To close this journey into why I'm glad a supreme Alpha Male now is in charge, let me cite one last example of why I believe men make better leaders.  I had just written and sent to my editor, male albeit, my essay in which I had misspelled the name of Colombia as Columbia.  When I read the comments at our website, one guy called us out for the two different spellings.  What did my editor do?  He owned the error for his team, in this case, myself.  When I checked my rough draft, I saw that it was I who originally had misspelled the country's name.  My editor took the hit for one of his team members, just as any great commander does.  Would a woman have apologized to me for the engineering student's blow up? No, of course not.  Would a male editor have gone into orbit when I corrected a female editor for her 48 I, Me, My, Mine words in a 400 word essay? I doubt it.  The guy would have put on a calm face, conducted himself with grace, and moved on.  Just as we saw Mr. Trump do this week.  Thank heaven!


  1. great piece I enjoyed reading it, Thank you

  2. Thank you for a strong and clear post about something that has been a problem in America for quite some time. We not only need to reclaim our country, as Americans, to get back to the ideals this nation was founded on, we each need to have the sense and courage to express our true selves. If we keep tiptoeing around just to avoid offending someone who is being irrational, we will never get anything done.

    I'm not in agreement with EVERYTHING you say here, and since your post is clear that we shouldn't retreat from a disagreement, I thought I'd mention that I know many women who are quite good at taking constructive criticism, and even apologizing for reacting badly in the moment. I myself have done so, and as a musician I've watched many woman take correction and improve because of it. I've seen women, and men as well, object to instruction and criticism when it's not helpful, and there's more than one way to instruct. Men and women often DO have different teaching and learning methods, and it's in our best interests to respond well to both rather than limit instruction and learning to a single method, so I'm always open to a man being blunt and simply delivering the assessment with logic, rather than softening the blow by also pointing out what was done well, as the Toastmasters critique is designed to do. I'm wondering if you might be seeing some women object to the method rather than the critique? While it's certainly important for any student to accept criticism regardless of the manner it's delivered, it's also helpful for teachers to learn there's more than one way to deliver criticism. In academia, being straight and blunt is very effective in most cases, but I find, particularly in music, it's as important to place emphasis on the good to encourage more of it, and I find men often neglect this part of the instruction. This is why I try to seek out both men and women as teachers, to get a broad spectrum of input to improve as quickly as possible.
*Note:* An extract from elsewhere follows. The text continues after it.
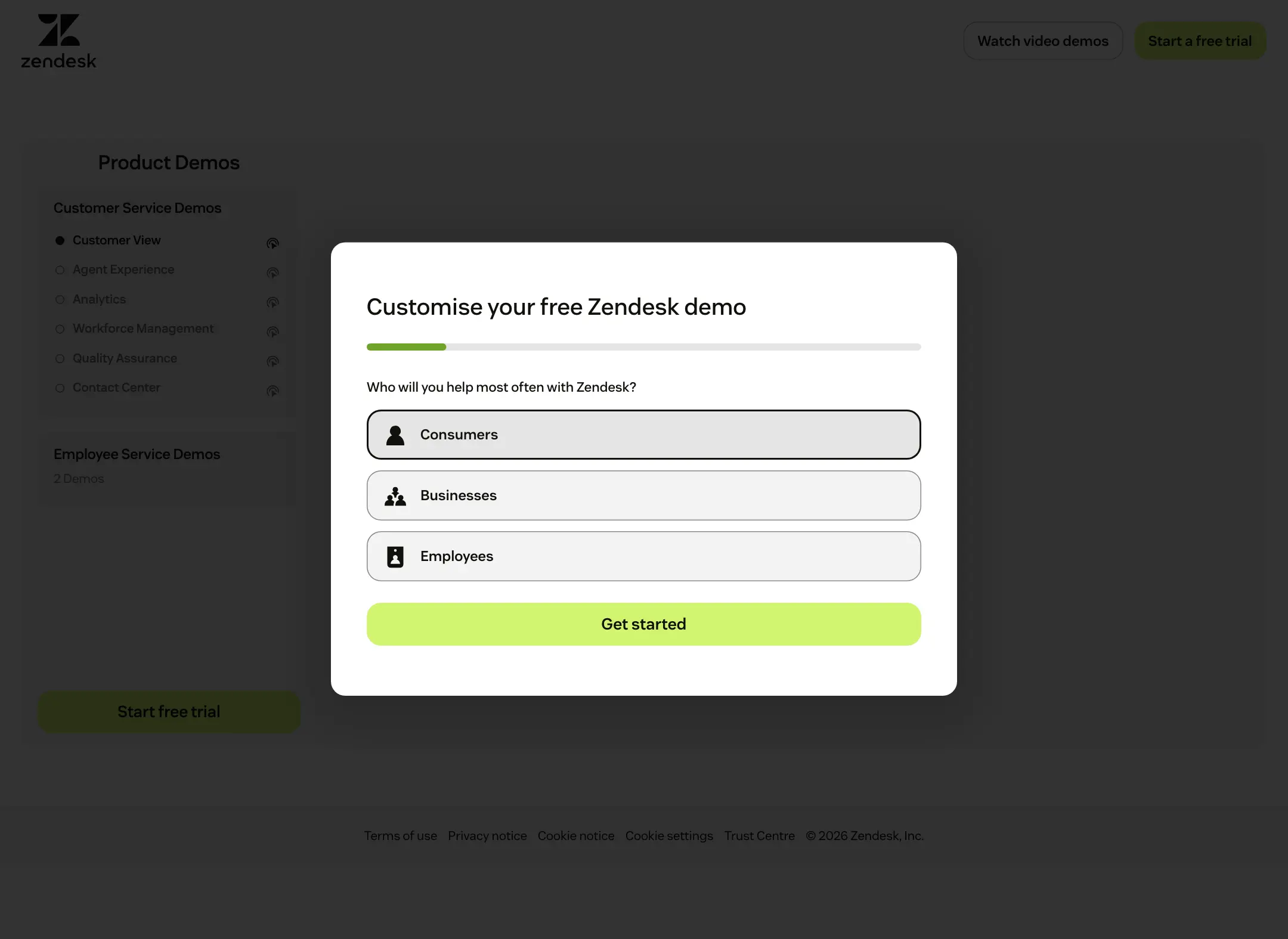 Zendesk demo page asking who the visitor helps, with choices for consumers, businesses and employees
    Great post! I hope it's okay to point that out? Okay, okay, I'm kidding! You sound like a really good instructor. I'm not sure where you're getting the polarized perspective on the capacity of women to accept criticism gracefully, but the fact that it doesn't match my own experiences suggests that we simply live in different environments. And I'm glad you won't let that keep you from continuing to be clear with your students on how to do things right. We need more of that.

  3. @Larkhaven on the Web

    Thank you so much for your comment, Larkhaven. I passed it along to Suzanne, the author of the piece.